Some people were angry. Angry at us. We quickly learned the golden rule of working in social services…this isn’t Disneyland. People don’t come here for a good time, or because they want to. Spend several weeks trapped in a social services office and you’ll understand that receiving government aid is not a simple pleasure cruise for conniving freeloaders. Standing in that office for hours on end, waiting for numbers to be called, you are exposed to punctured dignity and a sort-of naked shame that occasionally fermented into a sickly, rotten disappointment.

As much as we tried to help, and as much sympathy as we expressed, some of the people were just plain not nice.

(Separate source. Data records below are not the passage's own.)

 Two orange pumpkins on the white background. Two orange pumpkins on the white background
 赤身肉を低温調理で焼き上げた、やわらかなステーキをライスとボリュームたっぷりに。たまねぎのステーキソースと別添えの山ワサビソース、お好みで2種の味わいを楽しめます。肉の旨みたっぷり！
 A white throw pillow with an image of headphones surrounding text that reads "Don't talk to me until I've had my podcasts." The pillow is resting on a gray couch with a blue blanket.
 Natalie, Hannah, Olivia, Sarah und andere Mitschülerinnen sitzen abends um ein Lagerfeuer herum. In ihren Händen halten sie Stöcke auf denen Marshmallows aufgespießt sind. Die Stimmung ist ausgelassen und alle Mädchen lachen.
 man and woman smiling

“Now serving…C…34…at window…2.”

I once encountered a man who became angry when I smiled at him. I believe he asked for a CalFresh application — something I’d have to grab from the back. I must have flashed him with a quick smile and responded with something to the effect of:

“Ok, sure, I’ll be right back.”

I remember his brow furrowed (people do that when they’re pissed, right?) and he raised his voice a bit:

“Wow, you’re a real thousand-watt guy, huh?”

I thought I misheard him in the noisy, packed out office:

“Excuse me, sir?”

“Noticed your smile there,” He mimed an exaggerated wide smile, not dissimilar to how a gorilla might react to magic tricks through his glass window at the zoo.

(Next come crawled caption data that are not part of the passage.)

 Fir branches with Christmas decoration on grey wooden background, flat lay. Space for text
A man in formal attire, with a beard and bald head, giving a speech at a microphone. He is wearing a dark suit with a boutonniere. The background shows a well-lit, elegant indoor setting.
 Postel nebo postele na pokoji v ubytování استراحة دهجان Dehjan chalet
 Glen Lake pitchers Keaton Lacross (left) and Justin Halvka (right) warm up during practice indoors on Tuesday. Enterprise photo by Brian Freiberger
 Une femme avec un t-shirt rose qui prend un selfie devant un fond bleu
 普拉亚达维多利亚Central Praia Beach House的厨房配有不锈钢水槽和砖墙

“You don’t gotta smile at me like that. Nobody is that happy. There’s no way you’re that happy to see me, man.”

This was couple years back now, but sometimes I stop and ponder about “Thousand-Watt Smile Guy” — — the angry man himself who resented smiling and myself as the supposedly obnoxious thousand-watt smiler.

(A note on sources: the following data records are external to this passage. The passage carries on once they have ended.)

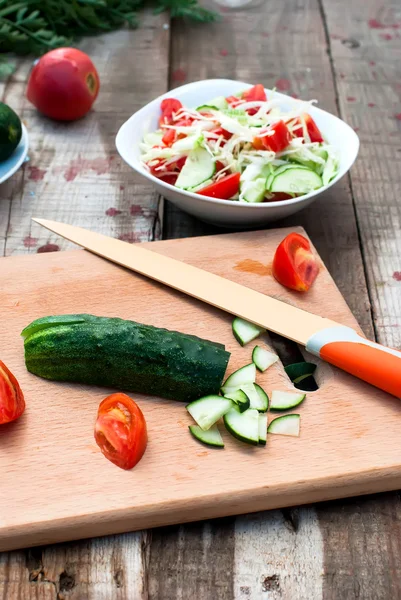 Komkommer en tomaat segmenten op een snijplank — Stockfoto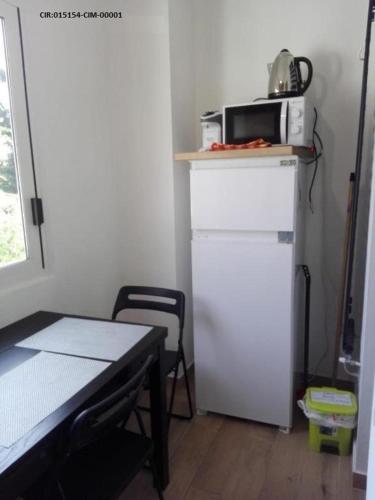 uma pequena cozinha com um micro-ondas em cima de um frigorífico em Camere La villetta vicino rho fiera e Malpensa em Nerviano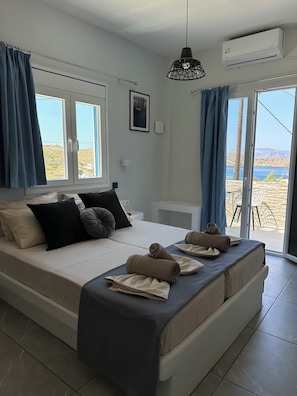 Un dormitorio con cama, cortinas, lámpara colgante, equipo de aire acondicionado y vistas al exterior.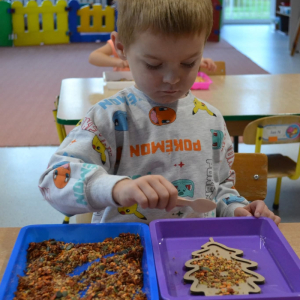 Dzieci rozwijają sprawność manualną przy pomocy wysypywanek w jesiennych kształtach, wypełnianych kaszą, kukurydzą, grochem i soczewicą.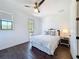 Inviting bedroom with hardwood floors, a ceiling fan, and large windows for plenty of sunlight at 2630 Milford Berry Ln, Tampa, FL 33618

“Now serving D…36…at window…seven.”

There’s a bit to unpack here, right? I’ll try to be quick about it. First off: my smile in that moment was definitely not over the top, condescending or inappropriate. It wasn’t a big, huge smile as he strangely suggested, but more so the kind of professional, positive acknowledgment you’re meant to give someone when you’re in a service position.

I worked there for three months and never received another criticism for approaching a person with some excruciating positivity or undo friendliness. If it was a problem, and I was being some idiotic intern, someone else would have said something! I’d be aware! So what was this guys fuckin’ deal? Maybe I could write some deep stuff about the condition of the human spirit and how existentially broken this man was but forget it. I wanted to share this story because it is remarkable how such an innocuous gesture could manifest itself as an affront to a person who is insecure, hurting, or angry. It makes me think about how hurt people are, how much help they need, and how hard it can be to help them despite the best of intentions. This isn’t Disneyland.